At Puerco Pueblo, one of the largest prehistoric sites in the park, we saw amazingly descriptive petroglyphs left by the Indians. This one of the bird with what looks like a human baby in its beak looks to me like a stork delivering a baby but most likely has a much more historically accurate explanation.
These are the partially excavated remains of Puerco Pueblo, an ancestral Puebloan village abandoned about 1380.

And then we drove through the Painted Desert where the colors and rock formations are spread out as far as you can see and looks like a giant Van Gogh went a little crazy with the paintbrush.  But this is real–and deserved a lot more time and contemplation than we were able to give it.  Perhaps another time!

The palette of colors in the Painted Desert defies the eyes–from soft muted pastels to fiery reds and yellows.
Can you see the pinks reflected in the clouds?
Long dormant volcanoes can be seen in the far distance.
Does this even feel real? Yes, it is real! I took the picture but it looks almost like a painting from a fantasy world.
This photo was taken around midday. I would have loved to have stayed there and watched the colors deepen as the sun went down.

After our day in the National Park we went back to Holbrook where we were camped.  I did find a super place to stay if we ever give up on camping.  It’s on the strip in Holbrook which at one time was part of the historic HWY 66 before I-40 bypassed it.  Don’t you love it??!!

The Wigwam Hotel, in Holbrook, AZ just off I-40 must have been quite popular back in the HWY 66 days.   As you can see from the age of the cars some folks just came and never left!

Grand Canyon National Park (Williams, AZ).  Leaving the Petrified Forest behind, we headed for the Grand Canyon Railway in Williams, AZ.  We had decided to forego the grueling drive up to the Grand Canyon and relax on the train, sip our drinks and nibble on cheese and crackers while the reliable steam engine took us through the ever changing scenery into the Park.  And to make it even more convenient, the very luxe and comfortable Grand Canyon Railway RV Park was just next door to the train station.

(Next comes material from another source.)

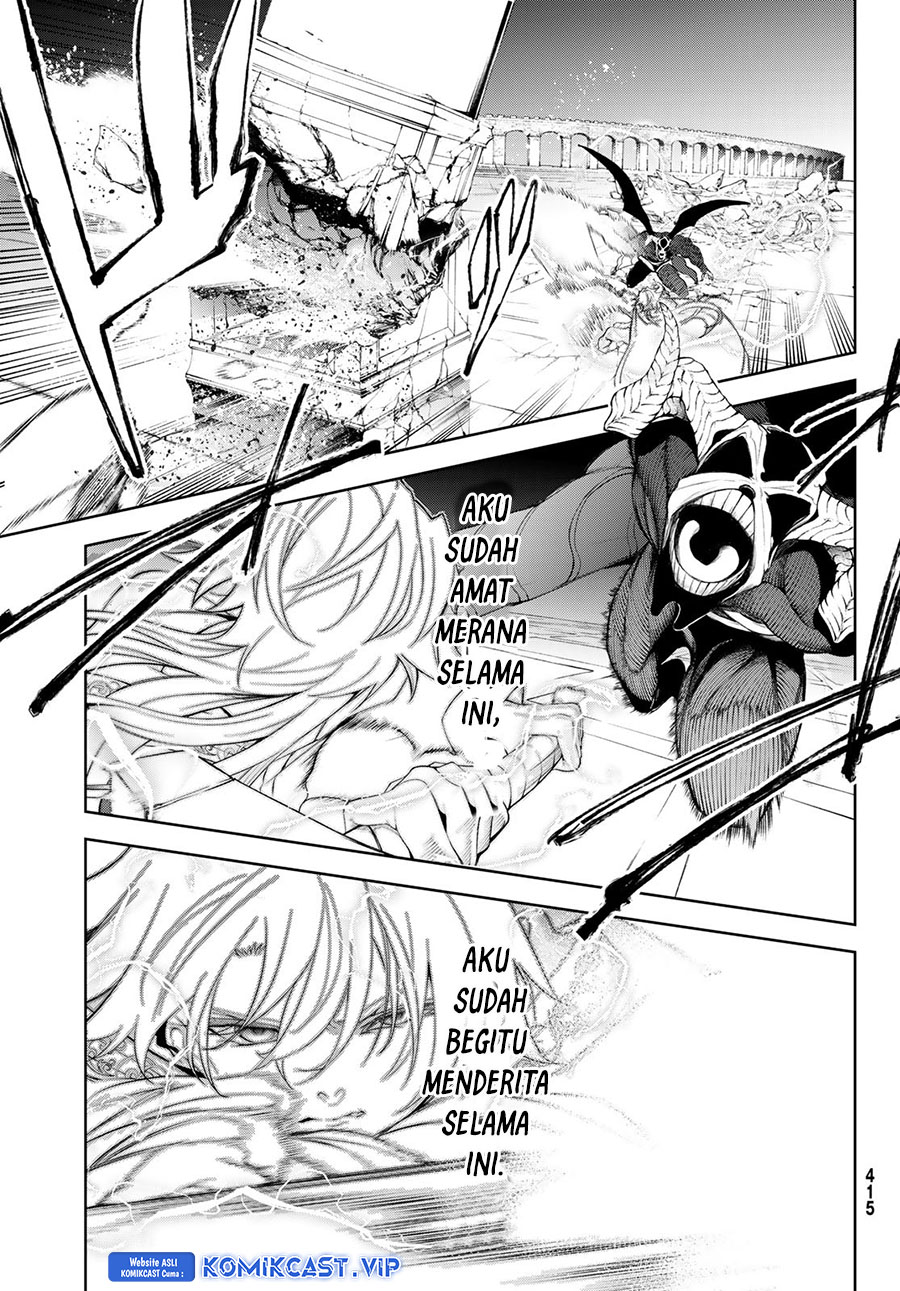 Tsue to Tsurugi no Wistoria Chapter 28 Gambar 28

Williams is a hopping little town with fun restaurants, and even more fun people (picture Elvis dressed in full regalia white rhinestone jumpsuit washing the windows in one of the HWY 66 retro shops on the main thoroughfare of Williams).  Yes, Williams was also one of the towns left behind when I-40 fast-tracked people past small town America.  But they have embraced their past and appear to have thriving businesses, undoubtedly assisted by their location as a gateway to the Grand Canyon.

The next morning we headed for the train after being momentarily delayed by a shootout among a bunch of ornery cowboys near the train station.  Apparently they are ornery quite often–about 9:00 am every morning!

The train ride was relaxing, the snacks/drink service handy, and my little nap very refreshing.  Which was good because as soon as we arrived at the Park we loaded onto a tour bus and headed out to see the Grand Canyon from several fantastic viewpoints–each one seemingly better than the last one.  I have to say I was blown away.

The quintessential Grand Canyon view!
People either hike or ride mules down the paths cut into the hillside–all the way down.
Our tour guide kept saying “Back up a little more.” I said “Uh, Uh–no way” –I read that book—stupid mistakes people make as they fall off the cliff into oblivion. As our tour guide also said, “There are no rescue operations at the Grand Canyon–just retrieval.”
A new view every foot you take. You can’t take too many pictures. You can’t look at it too much. You have no words to describe it. Just look and soak it up
One small guardrail. So MANY feet down. Most areas have no guardrails.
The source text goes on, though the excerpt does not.